General partner vs. limited partner
A limited partnership involves at least one GP and at least one limited partner (LP). In contrast to a GP, an LP is removed from day-to-day operations and assumes limited liability for debts, meaning the LP only has exposure up to the amount of their investment.
The GP’s main contribution to a partnership is usually their operational skills and investment expertise. Usually, the LP’s main contribution is capital in which the GP can invest. Pension funds, endowments, foundations, family offices, and high-net-worth individuals are all common types of LPs to encounter in venture capital funds.
Share of partnership’s profit
Managing partner vs. general partner
A managing partner is an executive who typically owns some portion of a business and is responsible for day-to-day operations. In venture capital, the managing partner is often the highest ranking individual at a firm.
Unlike a general partner and a limited partner, a managing partner is not a role of a member of a limited partnership. Rather, “managing partner” is a title held by a person who might work for an investment firm or another company.
Learn more about venture capital in VC 101
How is a general partner structured?
Limited liability company (LLC)
A general partner in a limited partnership is usually not a person but an entity. A GP is typically structured as a limited liability company ( LLC) in which the individuals who will actively manage the fund are members and/or managers.

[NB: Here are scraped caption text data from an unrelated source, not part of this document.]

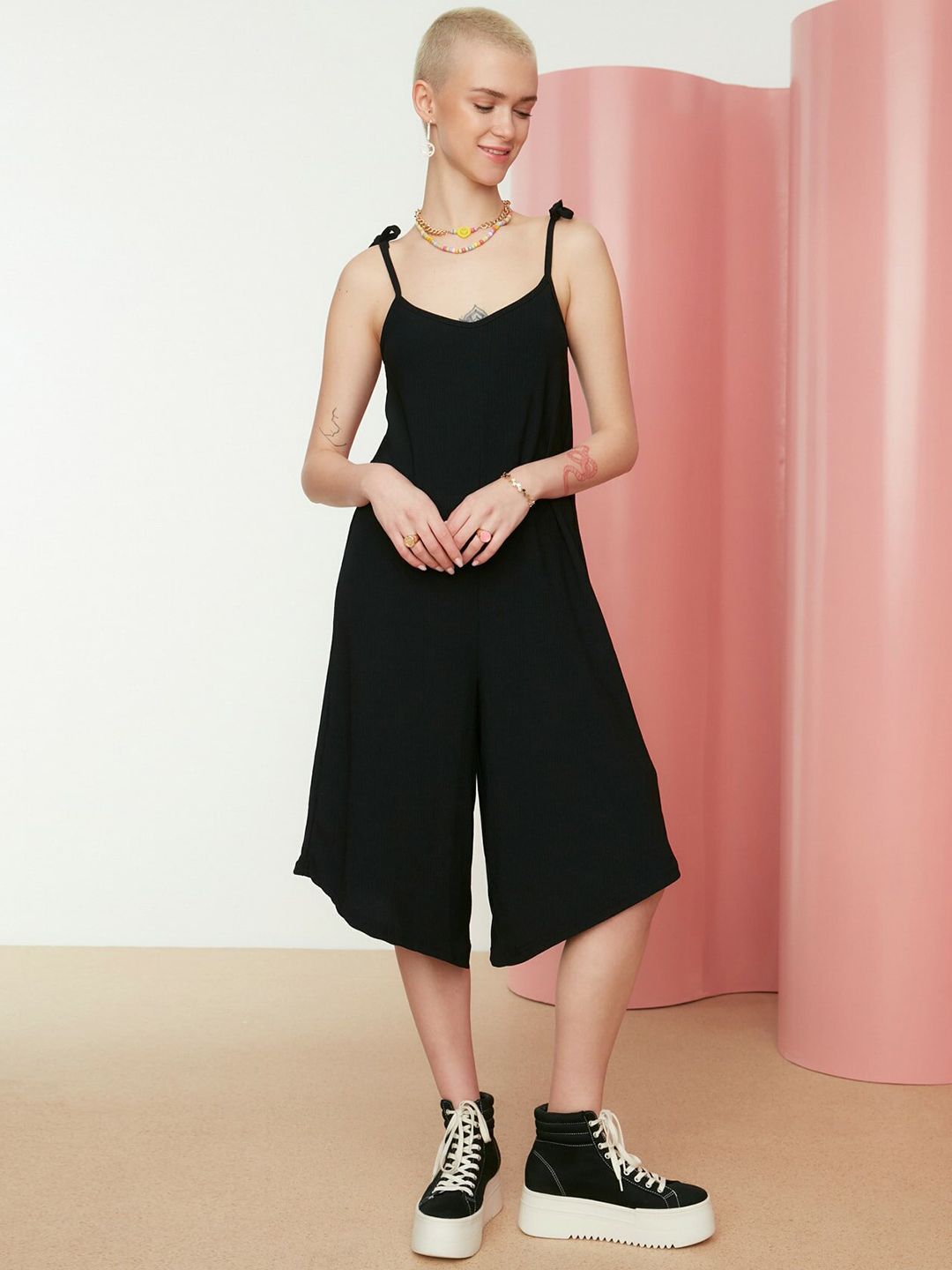 Trendyol Black Solid Culotte Jumpsuit Price in India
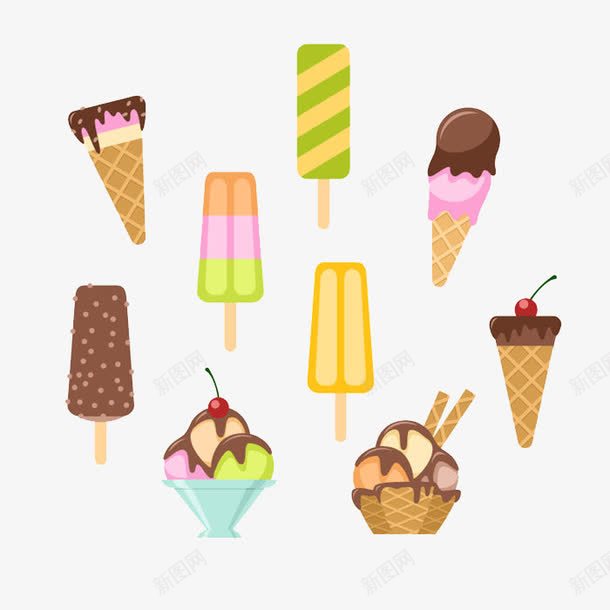 夏季冰品雪糕冰淇淋png免抠素材_新图网 https://ixintu.com 冰品 冰激凌 冷饮 夏天 甜筒 雪糕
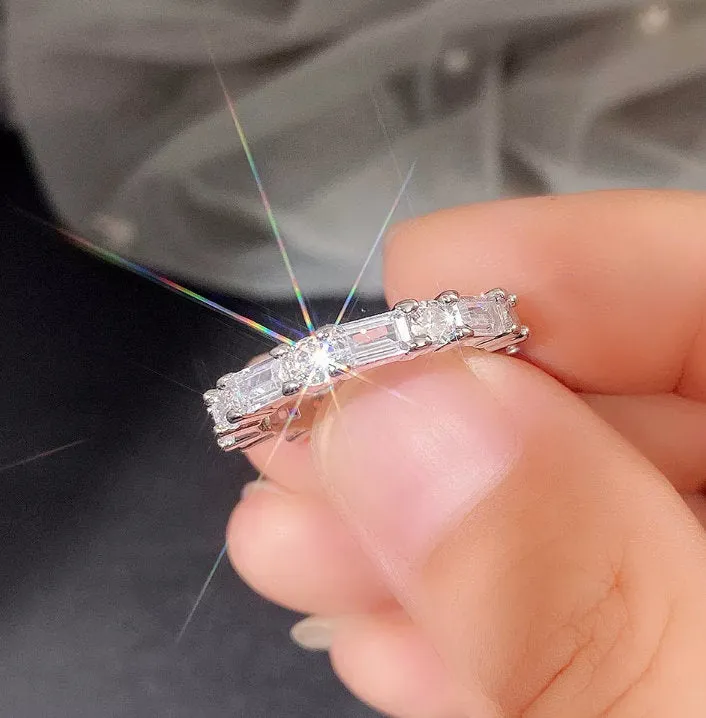 Eternity Ring | Baguette Ring | Womens Diamond Ring | Diamond Eternity Ring | Wedding Band | Friendship Ring | Womens Eternity Ring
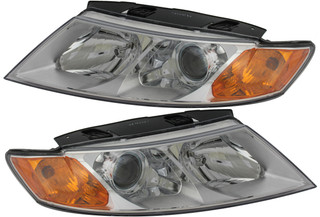 2009-2010 Kia Magentis Headlights Driver Left and Passenger Right Side Halogen Chrome Trim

This allows fund managers to limit their “unlimited liability” exposure to the fund only to the assets in the GP LLC and not reach their personal assets as individuals. The GP entity will be entitled to receive carried interest in the fund, which then gets passed through to the LLC members.
Limited partnership (LP)
A general partner entity can also be structured as a limited partnership itself. You should talk to your legal counsel to discuss which entity format is best suited to your own legal, financial and tax situation.
Fund manager compensation
A fund manager in a venture capital or private equity fund is typically compensated in two ways: management fees and carried interest.
Management fees (the fees a fund manager receives in exchange for managing capital) are usually paid to the management company, not the GP. But the fees could be paid to the GP, who then pays the LP at the management company.
The management company is a separate operating entity that may span across multiple funds in a firm, but a GP entity is usually limited to one per fund. Management fees vary across the industry, often falling somewhere between 0% and 2%. Management fees can be used to pay employee salaries and other operating expenses of the fund.
GPs also receive a portion of any profits from their fund’s investments, which is known as carried interest, or carry. As with management fees, the size of the carry varies across funds. In the most common structure, the GP receives 20% of all profits as carried interest and returns 80% to LPs.
How are general partners taxed?
Neither limited partnerships nor limited liability companies pay any income tax at the entity level. Instead, in both structures, the partnership “passes through” any income to the GP entity, which then passes through income to its own members, who then pay personal taxes on their share of the partnership’s gains.
This pass-through taxation for partnerships is typically appealing to fund managers, because it means they only pay taxes on any profits one time. In contrast, their portfolio companies are typically C-corporations, which are subject to what’s sometimes called double taxation: The company pays a corporate tax on any income, and all shareholders must also pay tax on any dividends or distributions.